An interview between Ballin and the Chancellor was followed up, with the consent of the latter, by an exchange of telegrams between Ballin and Sir Ernest Cassel. From these it became clear that official circles in London were favourably disposed towards the opening of discussions in accordance with the terms laid down in Ballin’s report, and Ballin approached the Chancellor with the request to let him know whether he should continue to work on the same lines as before, or whether the Chancellor would prefer a different method, by which he understood direct official negotiations. In a telegram to the Chancellor he explained that in his opinion Sir Ernest’s reference to the friendly disposition of official London implied that he was authorized to arrange the details about the intended meeting of experts. If, therefore, he went to England again, he would have to know what were the views and intentions of the Chancellor. The reply of the latter, dated August 11th, was as follows:
“Many thanks for your welcome telegram, which has found my closest attention. I shall send you further details as soon as I have interviewed the gentlemen concerned, which I intend to do to-morrow and during the next few days.”
This reply clearly showed that the Chancellor had made up his mind to deal with the matter along official lines and in conformity with his own ideas.
The subsequent course of events is indicated by a letter of the Chancellor to Ballin, dated August 21st, in which he says:
“I have to-day taken the official steps of which I told you. As Sir Ernest Goschen[2] and I have agreed to observe absolute secrecy in this matter, and as a statement of your friend to the British Government to the effect that I had undertaken an official démarche, might possibly be regarded as an indiscretion, I suggest that if you inform your friend at all, you should word your reply in such a way that this danger need not be feared.”

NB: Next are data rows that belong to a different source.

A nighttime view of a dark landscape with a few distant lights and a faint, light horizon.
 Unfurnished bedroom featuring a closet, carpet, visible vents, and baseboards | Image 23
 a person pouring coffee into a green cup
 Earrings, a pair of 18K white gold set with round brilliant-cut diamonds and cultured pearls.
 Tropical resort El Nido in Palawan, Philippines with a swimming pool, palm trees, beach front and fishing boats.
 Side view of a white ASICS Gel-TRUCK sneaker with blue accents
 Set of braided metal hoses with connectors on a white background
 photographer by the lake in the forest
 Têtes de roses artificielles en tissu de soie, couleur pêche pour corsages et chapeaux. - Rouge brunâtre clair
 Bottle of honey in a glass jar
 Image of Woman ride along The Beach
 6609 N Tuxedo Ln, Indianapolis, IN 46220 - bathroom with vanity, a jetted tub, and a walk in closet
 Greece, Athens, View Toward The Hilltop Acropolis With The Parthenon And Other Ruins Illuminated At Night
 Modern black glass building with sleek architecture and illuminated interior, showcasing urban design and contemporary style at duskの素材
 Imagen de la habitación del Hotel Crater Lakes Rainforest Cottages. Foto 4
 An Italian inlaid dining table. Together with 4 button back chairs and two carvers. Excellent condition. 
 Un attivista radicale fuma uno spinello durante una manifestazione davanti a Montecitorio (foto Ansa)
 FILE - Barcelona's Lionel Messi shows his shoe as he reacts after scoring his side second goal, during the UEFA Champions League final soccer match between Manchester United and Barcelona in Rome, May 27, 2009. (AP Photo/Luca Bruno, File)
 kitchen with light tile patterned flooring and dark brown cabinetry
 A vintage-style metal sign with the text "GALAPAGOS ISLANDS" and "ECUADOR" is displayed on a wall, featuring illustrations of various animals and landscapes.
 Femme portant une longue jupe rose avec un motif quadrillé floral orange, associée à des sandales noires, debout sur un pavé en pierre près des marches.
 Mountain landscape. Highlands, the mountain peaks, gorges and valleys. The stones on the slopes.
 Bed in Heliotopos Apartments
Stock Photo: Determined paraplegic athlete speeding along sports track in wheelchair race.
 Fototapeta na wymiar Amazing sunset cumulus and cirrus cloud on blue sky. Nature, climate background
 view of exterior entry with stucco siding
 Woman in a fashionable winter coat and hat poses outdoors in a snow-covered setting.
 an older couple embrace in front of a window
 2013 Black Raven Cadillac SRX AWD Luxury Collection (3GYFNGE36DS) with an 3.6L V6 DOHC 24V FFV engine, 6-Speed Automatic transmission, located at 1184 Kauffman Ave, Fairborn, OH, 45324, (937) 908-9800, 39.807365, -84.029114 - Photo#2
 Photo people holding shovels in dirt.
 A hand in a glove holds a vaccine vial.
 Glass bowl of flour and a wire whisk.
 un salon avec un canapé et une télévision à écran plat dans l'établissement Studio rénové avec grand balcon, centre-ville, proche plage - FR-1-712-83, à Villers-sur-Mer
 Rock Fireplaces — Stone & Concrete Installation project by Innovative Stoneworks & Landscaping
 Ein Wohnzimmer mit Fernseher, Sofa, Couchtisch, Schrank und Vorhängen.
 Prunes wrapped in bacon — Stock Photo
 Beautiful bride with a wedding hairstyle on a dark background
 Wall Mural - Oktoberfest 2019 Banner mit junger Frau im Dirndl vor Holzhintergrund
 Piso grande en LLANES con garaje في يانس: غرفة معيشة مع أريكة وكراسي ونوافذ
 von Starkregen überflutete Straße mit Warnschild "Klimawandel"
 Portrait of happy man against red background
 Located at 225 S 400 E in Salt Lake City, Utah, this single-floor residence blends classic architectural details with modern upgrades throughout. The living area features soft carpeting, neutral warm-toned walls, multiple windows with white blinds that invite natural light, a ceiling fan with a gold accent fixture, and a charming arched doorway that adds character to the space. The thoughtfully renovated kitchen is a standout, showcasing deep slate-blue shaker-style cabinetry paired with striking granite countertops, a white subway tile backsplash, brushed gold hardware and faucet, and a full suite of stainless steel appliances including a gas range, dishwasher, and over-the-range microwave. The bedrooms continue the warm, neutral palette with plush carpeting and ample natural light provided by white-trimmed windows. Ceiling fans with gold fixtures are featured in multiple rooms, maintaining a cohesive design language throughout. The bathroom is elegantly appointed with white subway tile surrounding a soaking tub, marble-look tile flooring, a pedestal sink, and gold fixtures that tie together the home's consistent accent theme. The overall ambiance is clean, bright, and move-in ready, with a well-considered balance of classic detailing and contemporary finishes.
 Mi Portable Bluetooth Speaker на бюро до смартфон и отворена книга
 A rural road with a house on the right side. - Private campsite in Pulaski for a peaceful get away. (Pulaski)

This letter shows, and later events have also proved, that the guiding spirits of Germany’s political destiny were unable to meet on such terms as expediency would dictate the overtures of a man like Sir Ernest Cassel, whose status and whose good intentions were beyond criticism. If, on receipt of this news, Sir Ernest, who had been working so hard for an understanding, was not entirely discouraged, it was no doubt due to the diplomatic skill with which Ballin—who was a master of this art, as of so many others—interpreted the Chancellor’s rebuff when communicating it to his friend.
That the latter’s account of British feeling towards Germany was perfectly unbiased, may also be inferred from another piece of news which reached Ballin about the same time from a British source, and which reads as follows:
“My only object in writing just now is to say that if there is any feeling in high quarters in your country favourable to coming to an understanding with this country concerning naval matters, I am quite satisfied from the inquiries I have made that the present would be an opportune time for approaching this question, and that the present Government of this country would be found entirely favourable to coming to such an arrangement.”
However, by that time, the matter was in the hands of the various departments, and they proved unable to make a success of it. Why they failed, and why the step which Herr v. Bethmann had taken with the British Ambassador produced no results, are questions which can only be answered by reference to the files of the Foreign Office.